The bottom line? Most Americans have zero protections in the workplace. If you have a well-crafted employment contract, that should protect you for the term of the contract. If you own the company, you probably own your job. If you fit into any of the discrimination categories above, an employer is likely to think twice before firing you. But I've learned that there is not much reason for many employers, especially large ones, to worry much about discrimination because they are likely to get away with it.
How is this possible? Well, the system is stacked against employees:
Check in your local phone book or do a Web search for "employment lawyers." Look closely for information about the kinds of cases a lawyer takes. Here's a helpful hint: A lawyer who represent plaintiffs, employees who allege to have been wronged in the workplace, usually will call himself a "discrimination lawyer" or something along those lines; a lawyer who represents defendants, employers who have been charged with wrongdoing in the workplace, usually call themselves "labor and employment lawyers."
My unofficial research indicates that for every plaintiffs' lawyer in the employment arena, there are probably 50 defendants' lawyers. And I think that is conservative. The ratio probably is more like 1:100. Plaintiffs' employment lawyers usually are solo practitioners or they work in a small shop of three to five lawyers. Employment defense lawyers tend to work in big firms, with 50 lawyers or more. Who do you think has more pull and resources?
Here is an even bigger kick in the pants for American workers: Discrimination usually is governed by federal laws, so that means employment cases almost always are heard in U.S. courts. Federal judges are appointed at the presidential level, so they tend to come from large, politically connected law firms. And what kind of clients do those firms tend to represent in the employment arena? They represent employers-- the bigger, the better because big companies tend to generate lots of discrimination cases, and that means more cash for the lawyers.
Newt defenders might say he didn't mean that the poor should literally strive to own their jobs; he was talking in a figurative sense.
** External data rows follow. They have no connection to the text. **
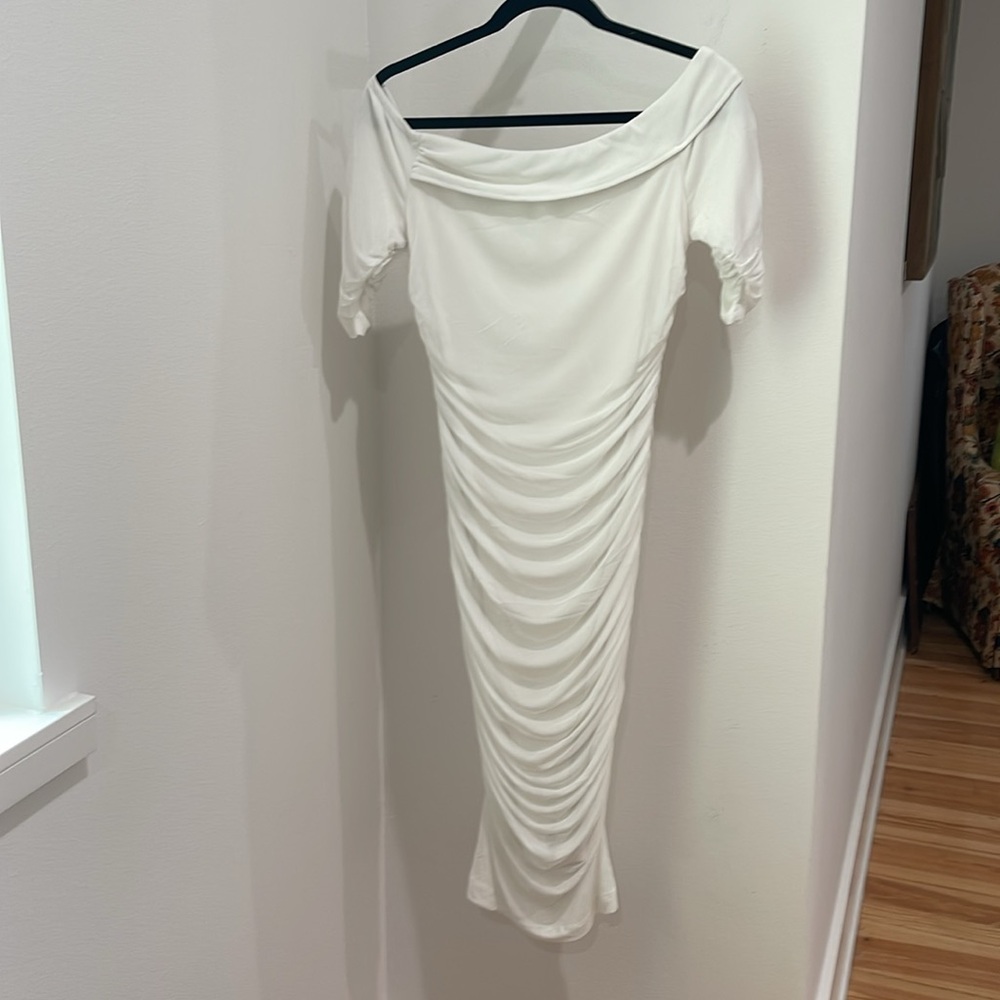 Venus ruched mesh bodycon dress - Picture 7 of 7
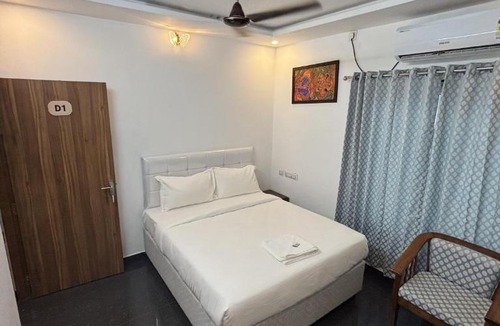 Alwaye Hotel | MIRACLE Inn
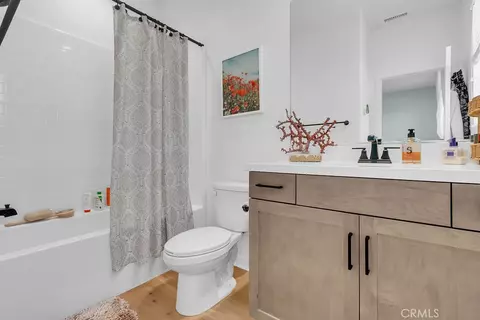 Bath - 18100 Tableau, Saugus, CA 91350 photo 2 of 5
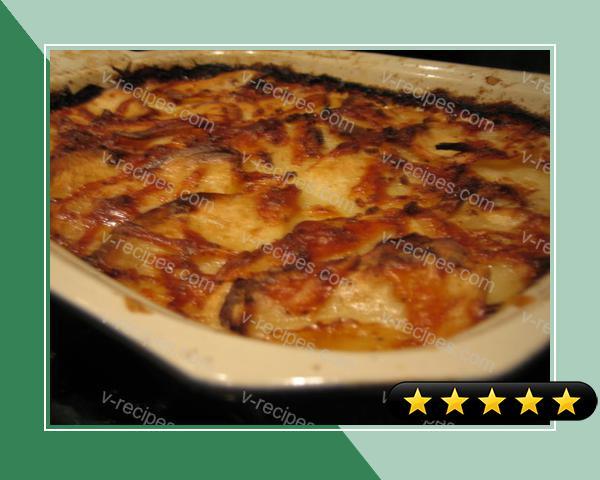 Lightened Scalloped Potatoes With Cheese recipe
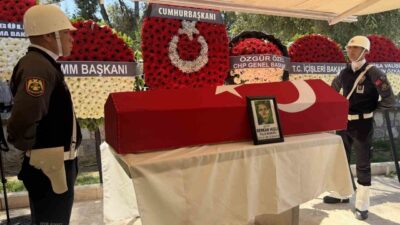 İzmir’de meydana gelen trafik kazasında görev başındayken şehit düşen 34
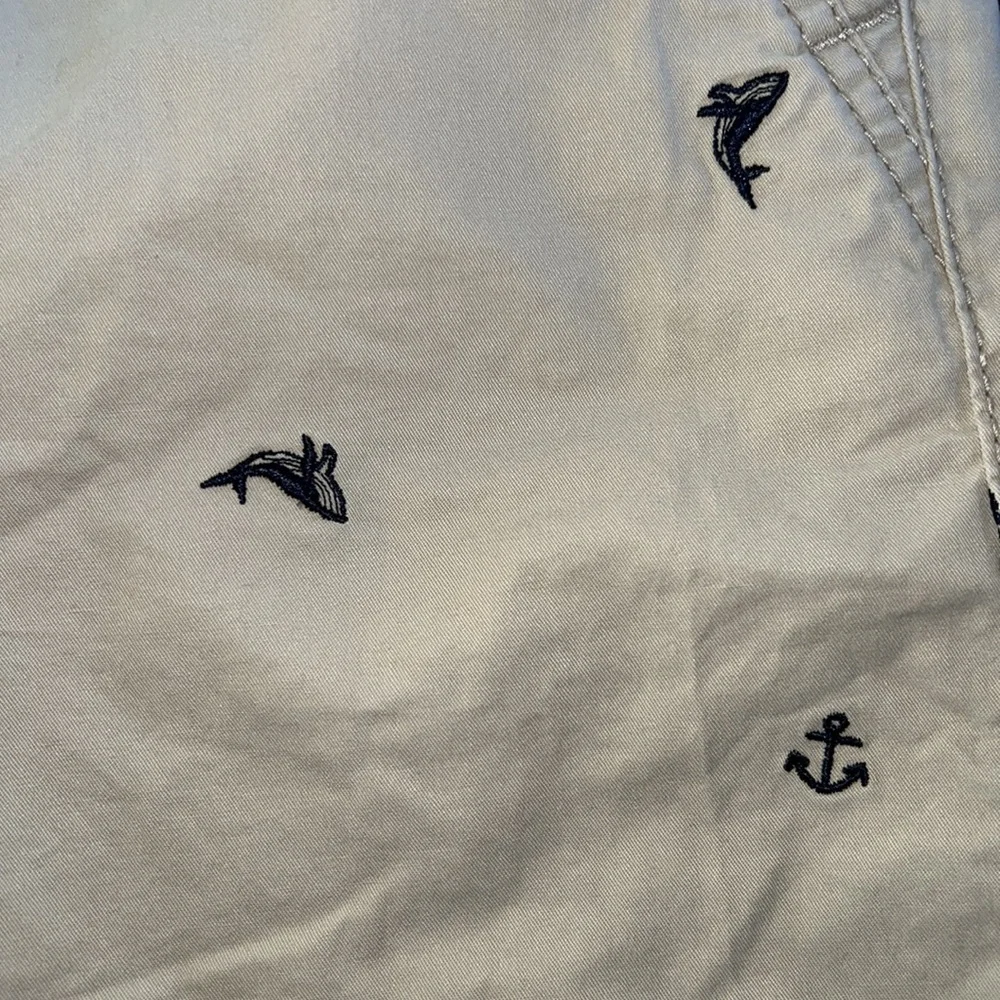 OshKosh Boys khaki Flat Front Embroidered shorts with whales and anchors size 12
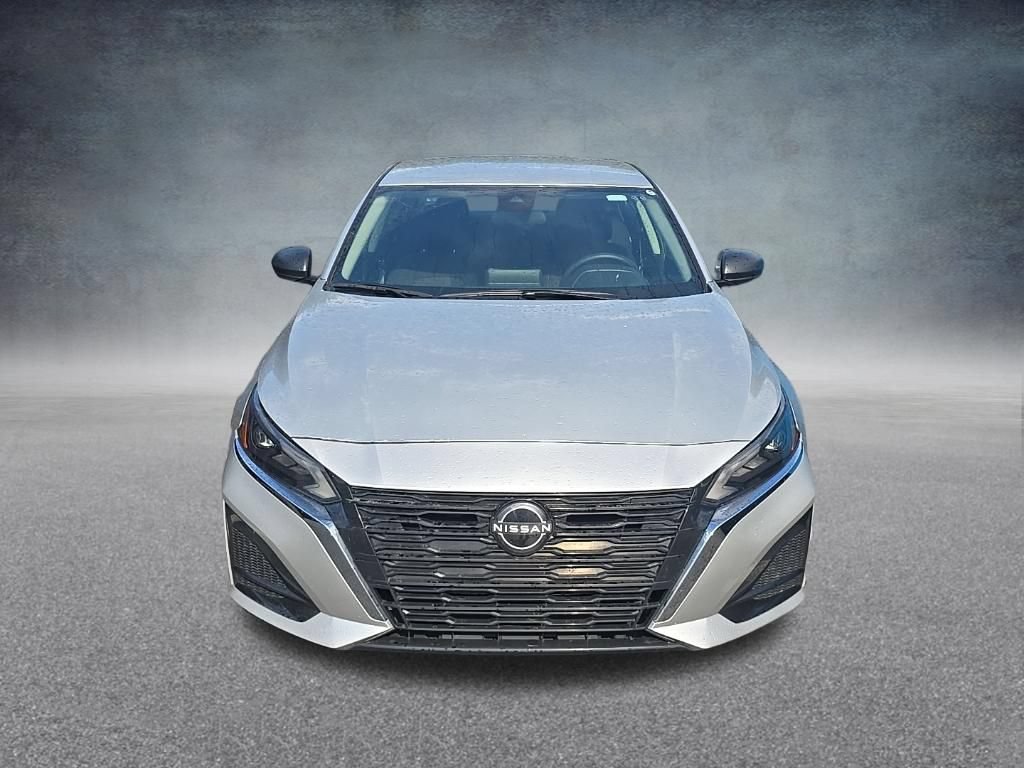 Used 2025 Nissan Altima 2.5 SV FWD image 3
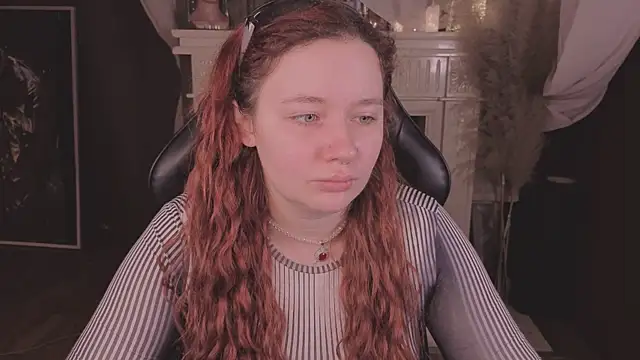 Snapshot of carolina_elf chatting on November 11, 2025, 12:44 pm carolina elf online show from November 11, 2025, 12:44 pm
But Americans don't "own" their jobs in any sense of the word. They don't even "rent" their jobs. Remember, most Americans can be fired for "a good reason, a bad reason, or no reason at all." I'm not an expert on tenant/landlord law, but I suspect even the lowliest of renters have more protections than that:
When Newt Gingrich says Americans need to learn how to "own" their jobs, he is full of elephant feces. If you are in a union, you have some protections on the job. But you essentially pay dues in order to "own" union membership and the protection it affords; you don't "own" a job.
Is Newt Gingrich, in a roundabout way, advocating union membership? I doubt it.